Medido a partir da imagem

    Cor principal

    Coral #eeb23f

    Paleta catalogada

    • #EEB23F
    • #E9591C
    • #53391F
    • #E7D0C1
    Paleta
    Tons terrosos A família de cores predominante na imagem.
    Nome da cor principal
    Coral
    Intensidade
    Vívido O quão saturadas e variadas são as cores, desde um único tom suave até muitos tons vibrantes.
    Contraste
    Declaração O grau de variação da luminosidade e saturação das cores ao longo da imagem.
    Harmonia
    Harmonia de Cores Intensa A forma como as cores interagem entre si, desde o contraste marcante até a total harmonia.
    Brilho
    Brilhante O nível de luminosidade ou escuridão da imagem como um todo, desde as sombras profundas até os brilhos intensos.
    Saturação
    Presença de cores nítidas Quão puras e intensas são as cores, do quase cinza ao totalmente vívido.

    Sobre esta obra

    Nude em Pé — Joan Miró

    Notas sobre esta obra

    Escrito para este guia a partir de fontes publicadas. O registro do catálogo em si encontra-se na primeira parte deste guia.

    Ano
    1921
    Dimensões
    130 x 96 cm
    ElementosNotáveis
    Figurino estilizado
    Influências
    Cubismo, Expressionismo
    Localização
    Saint Louis Art Museum
    Meio
    Óleo sobre tela
    Tema
    Nude feminino

    A Essência de um Sonhador: Joan Miró e a "Standing Nude"

    Em 1921, no coração da efervescente Paris, Joan Miró entregou ao mundo a “Standing Nude” – uma obra que transcende a mera representação figurativa para se tornar um portal para o universo interior do artista. Mais do que um retrato, é uma dança de formas, cores e símbolos, um testemunho da jornada de Miró em direção à abstração e à exploração do inconsciente. A tela não nos oferece uma imagem realista, mas sim a impressão vibrante de um sonho lúcido, onde a figura humana se dissolve em linhas audaciosas e explosões cromáticas.

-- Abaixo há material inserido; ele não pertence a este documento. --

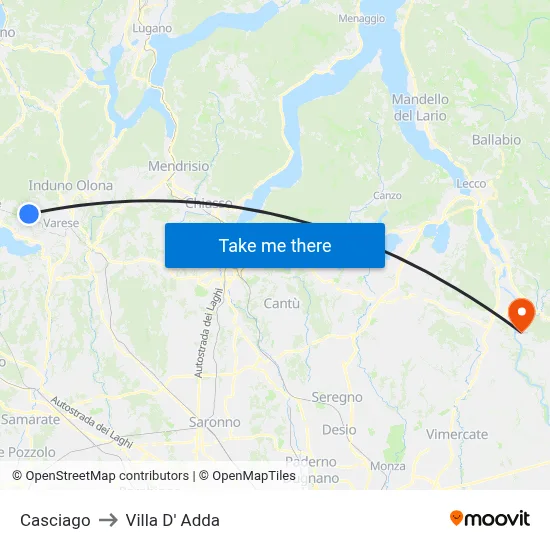 Casciago to Villa D' Adda map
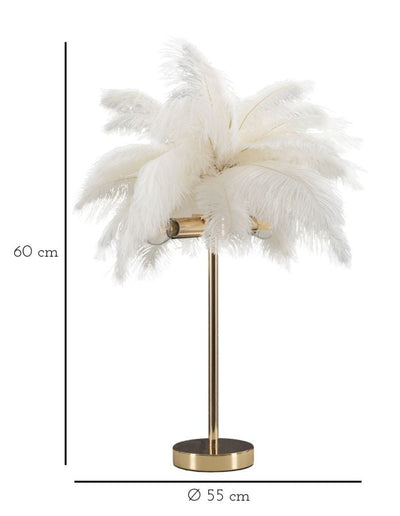 Lampe à poser en métal doré et plumes blanches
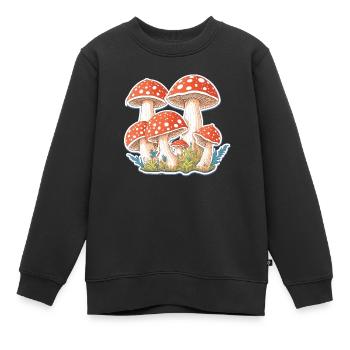 Fliegenpilze, Pilze - Kinder Premium Organic Sweatshirt - Schwarz - Vorne - AI Model Kid Female (0cm)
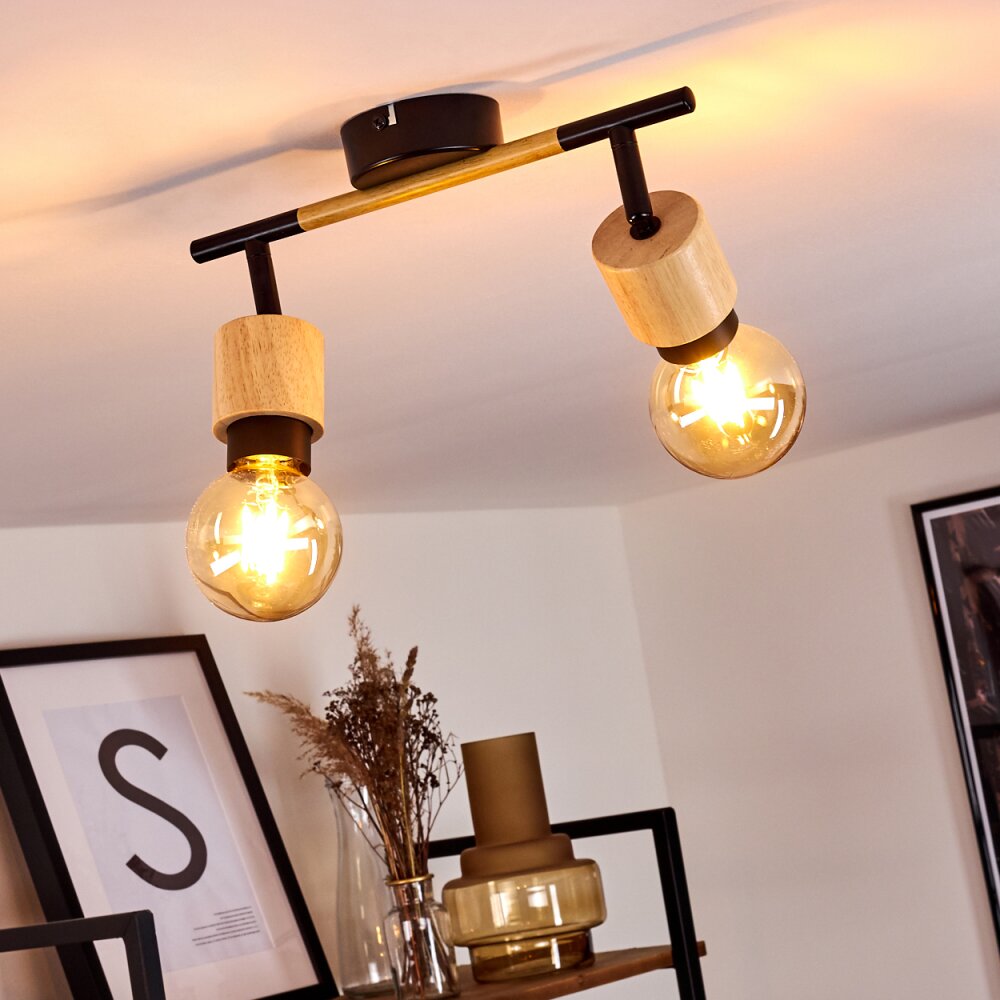Sezze Plafondlamp Hout licht, Zwart, 2-lichts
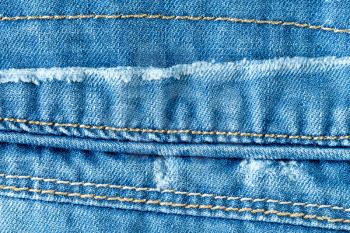 Blue jeans texture with seams, can be used for background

    Miró, um catalão profundamente ligado às tradições de sua terra natal, mas também um visionário que abraçou as vanguardas europeias, teceu na “Standing Nude” elementos da Cubismo, do Surrealismo e de seu próprio estilo único. A obra é um convite à contemplação, uma oportunidade de mergulhar em um mundo onde a lógica convencional é suspensa e a imaginação reina suprema. A escolha de Barcelona como berço artístico, com sua arquitetura singular e rica história, influenciou profundamente a sensibilidade do artista, que sempre buscou expressar a alma da Catalunha em suas obras.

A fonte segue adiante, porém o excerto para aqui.